- **Record set**

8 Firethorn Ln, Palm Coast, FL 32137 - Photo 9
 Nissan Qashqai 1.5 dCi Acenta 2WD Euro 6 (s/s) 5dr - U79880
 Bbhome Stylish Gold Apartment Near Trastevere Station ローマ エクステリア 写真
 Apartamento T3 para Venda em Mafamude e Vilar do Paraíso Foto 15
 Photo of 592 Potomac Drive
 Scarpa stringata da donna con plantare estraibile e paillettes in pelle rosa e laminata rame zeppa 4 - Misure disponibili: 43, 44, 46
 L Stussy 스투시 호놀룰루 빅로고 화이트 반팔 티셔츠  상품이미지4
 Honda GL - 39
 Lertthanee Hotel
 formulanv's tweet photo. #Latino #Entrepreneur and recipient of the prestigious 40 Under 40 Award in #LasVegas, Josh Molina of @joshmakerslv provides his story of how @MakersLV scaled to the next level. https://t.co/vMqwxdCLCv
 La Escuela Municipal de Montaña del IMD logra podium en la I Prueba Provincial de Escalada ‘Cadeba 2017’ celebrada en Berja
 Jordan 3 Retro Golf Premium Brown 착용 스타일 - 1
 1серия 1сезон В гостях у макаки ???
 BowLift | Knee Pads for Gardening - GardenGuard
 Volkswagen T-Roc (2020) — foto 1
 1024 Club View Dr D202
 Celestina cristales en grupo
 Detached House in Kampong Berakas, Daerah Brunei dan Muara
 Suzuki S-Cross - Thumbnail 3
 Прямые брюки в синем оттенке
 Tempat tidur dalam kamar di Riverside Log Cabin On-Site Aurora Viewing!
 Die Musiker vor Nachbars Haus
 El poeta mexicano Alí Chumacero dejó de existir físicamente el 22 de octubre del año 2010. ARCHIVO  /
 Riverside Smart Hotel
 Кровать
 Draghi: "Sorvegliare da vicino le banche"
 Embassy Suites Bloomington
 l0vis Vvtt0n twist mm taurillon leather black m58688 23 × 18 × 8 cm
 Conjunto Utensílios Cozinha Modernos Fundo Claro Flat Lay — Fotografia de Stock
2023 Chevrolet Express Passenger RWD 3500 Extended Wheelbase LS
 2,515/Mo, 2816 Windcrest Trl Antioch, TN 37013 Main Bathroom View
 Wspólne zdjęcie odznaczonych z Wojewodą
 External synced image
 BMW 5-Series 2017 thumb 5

- **Task item**
Your answer should consist of the lines from the line with "Honda GL - 39" to the line with "Riverside Smart Hotel" above, repeated exactly, both ends included.

- **Response area**
 Honda GL - 39
 Lertthanee Hotel
 formulanv's tweet photo. #Latino #Entrepreneur and recipient of the prestigious 40 Under 40 Award in #LasVegas, Josh Molina of @joshmakerslv provides his story of how @MakersLV scaled to the next level. https://t.co/vMqwxdCLCv
 La Escuela Municipal de Montaña del IMD logra podium en la I Prueba Provincial de Escalada ‘Cadeba 2017’ celebrada en Berja
 Jordan 3 Retro Golf Premium Brown 착용 스타일 - 1
 1серия 1сезон В гостях у макаки ???
 BowLift | Knee Pads for Gardening - GardenGuard
 Volkswagen T-Roc (2020) — foto 1
 1024 Club View Dr D202
 Celestina cristales en grupo
 Detached House in Kampong Berakas, Daerah Brunei dan Muara
 Suzuki S-Cross - Thumbnail 3
 Прямые брюки в синем оттенке
 Tempat tidur dalam kamar di Riverside Log Cabin On-Site Aurora Viewing!
 Die Musiker vor Nachbars Haus
 El poeta mexicano Alí Chumacero dejó de existir físicamente el 22 de octubre del año 2010. ARCHIVO  /
 Riverside Smart Hotel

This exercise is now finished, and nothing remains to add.